Risk: There can be variety of risks that can affect an organisation. New ventures are particularly prone to failure if structured based on backward strategy, forward strategy or horizontal strategy.

Lose of specialism: Expanding the current business focus into new sectors, need new services, products and resources with different skillets. This would reduce the concentration on specific product and service and could results in loss of specialism.

Reduced flexibility: flexibility on using future and new technologies can become limited. This would affect approaching different markets and utilising different methods by making changes to the business processes more difficult.

Using Vertical integration is about adding value chain and strengthening the core business model. In today's fast growing and changing environment organisations are more inclined to use Horizontal strategy instead of Backward and Forward strategies. In authors opinion this can be because of time and cost constrains.

Forward Integration Strategy

As part of this expansion strategy, organisations will look through the next channel of companies that are more customer-focused.
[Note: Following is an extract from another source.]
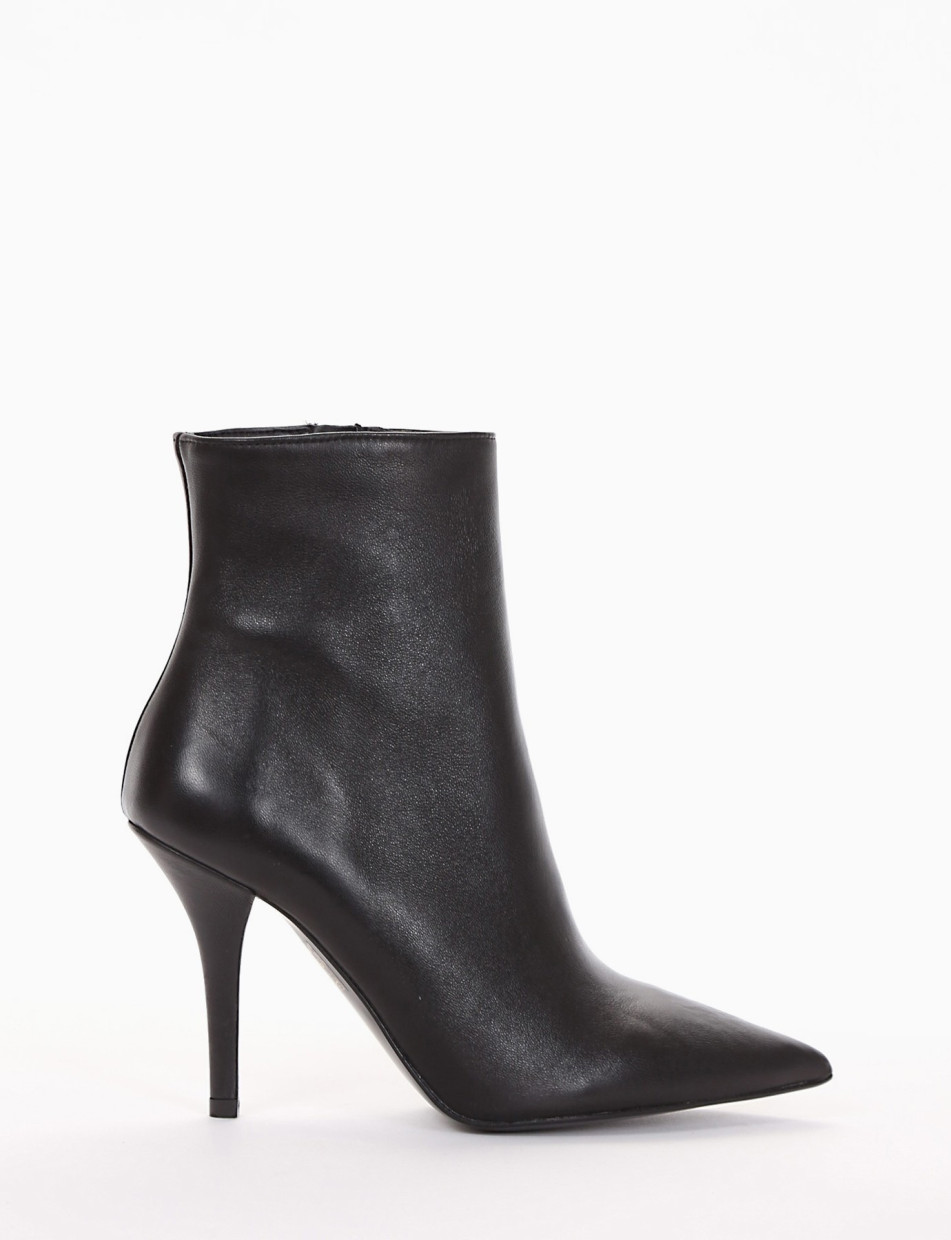 High heel ankle boots heel 9 cm black leather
The expansion can be implemented either internally, ground-up or by acquisition. The primary focus of this strategy is to expand the organisation to gain control of distributors and retailers (David, 2007). For example manufacturer of a product range might decide to undertake the marketing of the products as well.
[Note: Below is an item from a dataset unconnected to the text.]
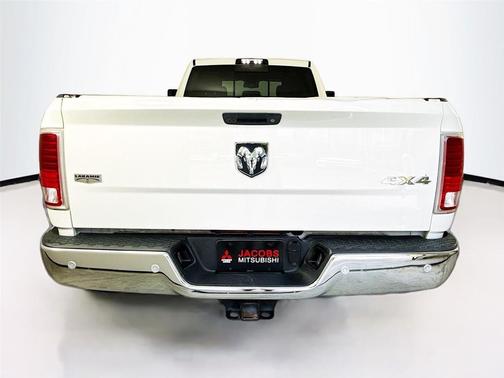 2018 RAM 3500 Laramie Crew Cab 4x4 8' Box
Advantages of Forward Integration Strategy

Followings are advantages of having Forward Integration strategy:

Control over distributers would make the customer service and quality control more accurate. Organisation would gain the direct profit margins

Advantages of having direct connection to customers and access to customer information

Increase in business profit

Opening a new channel for distribution could create a competitive advantage over competitors.

Organisation would have more control of inventory and better capacity utilisation

Disadvantages of Forward Integration Strategy

Followings are disadvantages of having Forward Integration strategy:

Additional investment in resource skills and training

Ownership and concentration on distribution of the product as a new section can make the existing business suffer or ignored

Disagreements, conflict and different interests within the management team

Could reduce businesses chance of success

Reduced flexibility to respond to market changes

When the market changes (e.g. change of geographical location and change of market type) it is difficult for an organisation who has invested into setting up the infrastructure to focus on a specific market, to be flexible enough to react accordingly. Shift or change in technology or product will be difficult due to the associated costs in addition to the original investments.

Backward Integration Strategy

This strategy focuses on growing the business by owning the manufacturing lines and production of raw material, by having the ownership of the suppliers (David, 2007).

Advantages of Backward Integration Strategy:

Followings are advantages of having Backward Integration strategy:

Opportunity to invest in innovative technology and produce better quality products than competitors

Secured supply line, which reduces the risk of supplier instability

Better preparation for unforeseen happenings by having control of the process, better information of time of delivery/delays and general inside information (Helles, Strange and Wichmann, 2003).

Information advantage, quick, easy and accurate access to producer information

Reduced manufacturing and supply costs by eliminating the "middleman" costs

Direct ownership of supply line would increase the process reliability and could make the manufacturing and production process smoother, this is particularly crucial when there is supply line or manufacturing process bottleneck (Jalan, 2005)

Organisation can keep stable prices by having their own production section and purchasing the goods cheaply

Where there is shortage of material, high dependency to raw material or components, backward integration would help avoiding the high fixed costs that could be damaging

Improved efficiency and coordination as the supply and manufacturing sectors will be as part of same business. This effectively helps the organisation with the quality control and products quality constancy (Jalan, 2005).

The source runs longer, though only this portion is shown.